Greider: Americans. This is a political question.
Rotberg: Do you know where the parts to the car that you're driving are made?
Greider: What's that got to do with it?
Rotberg: Do you know that the car parts are made with child labor?
Greider: But, see, you're starting from the position that governments are incapable of addressing these questions, so us poor consumers are supposed to resolve them. I don't agree with that. Look at American history. They didn't get children out of the coal mines until the government made it illegal. They didn't close down the sweatshops until reform movements passed laws.
Quite so. A consumer may be sovereign when it comes to deciding between a Taurus and a Toyota, but the individual buyer is powerless to know, much less influence, the labor practices at, say, a Ford engine plant in Mexico.
Within advanced countries, governments enact wage and hours laws, health and safety regulations, regimes allowing collective bargaining. These and kindred policies all offer relief from economic pressures that would otherwise yield hardship for ordinary workers. They are the fruits of a century of political struggle. But between countries, there are no such rules-as yet. So the default position for traded goods is laissez-faire: The country with the lowest standards enjoys a competitive advantage, and drags down the standards of other countries. This is why the question of whether, and how, to link trading rights to labor rights is so contentious. The domestic forces that don't like these safeguards let international trade do the dirty work of tacitly dismantling them.
T he above exchange between Rotberg and Greider offers a much broader insight about the paradoxical relationship between individual freedoms and society's framework of rules. The now ascendant libertarian view depicts rules as nothing but constraints on individual freedoms. But rules can also be empowering. Rules set social standards in realms where the individual as consumer is essentially powerless to achieve constructive social change. And rules protect the individual as producer from acceding to "contracts of desperation" that leave society as a whole worse off.
For example, no matter how dire a household's circumstances, we no longer allow six-year-olds to work for wages. In the short run, child labor might put a bit more bread on a poor family's table, but in the long run it would yield a society with more urchins, less education, and lower breadwinner wages. A custom-child labor-that market society would otherwise lead desperate people to "freely" choose is precluded, by law. A spurious liberty is foreclosed, for the sake of creating a society with more genuine freedom-the freedom enjoyed by a better-educated population that can command higher earnings as adults. There was a time early in this century when the courts held that such laws interfered with the freedom to contract. But a more complex conception of freedom acknowledged that such laws enhanced liberty.

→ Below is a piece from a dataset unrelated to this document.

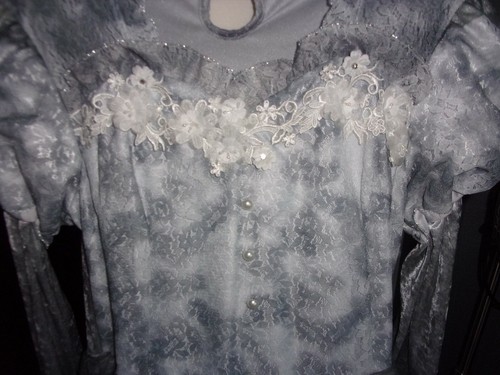 BRIDE OF DEATH ADULT HALLOWEEN COSTUME SIZE XL - Picture 2 of 4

If we look a little harder, we can think of other examples where people are forced into Hobson's choices because the available menu presents no good options. The problem is not bad individual judgment. It is the absence of rules and social remedies that compels individuals to make unbearable choices.
A case in point is the proliferation of guns. If gun-control laws are weak and you live in a violent neighborhood, you are tempted to carry a gun. Pretty soon, nearly everyone is carrying a gun. The NRA actually believes that universal gun toting enhances personal security. But this is only the case when guns are already ubiquitous. A far better "leveler"-one that leads to less total violence and more total security-is to rid the society of private handguns. Who is freer? The citizen free to carry his own weapon, or the citizen free of the worry of being menaced at gunpoint? Game theory understands this as a "collective action" problem, meaning one in which the sum of rational individual choices does not yield a rational collective outcome. We need some external mechanism of reciprocal disarmament, which the lone individual cannot attain unilaterally. The only remedy is a set of collective rules.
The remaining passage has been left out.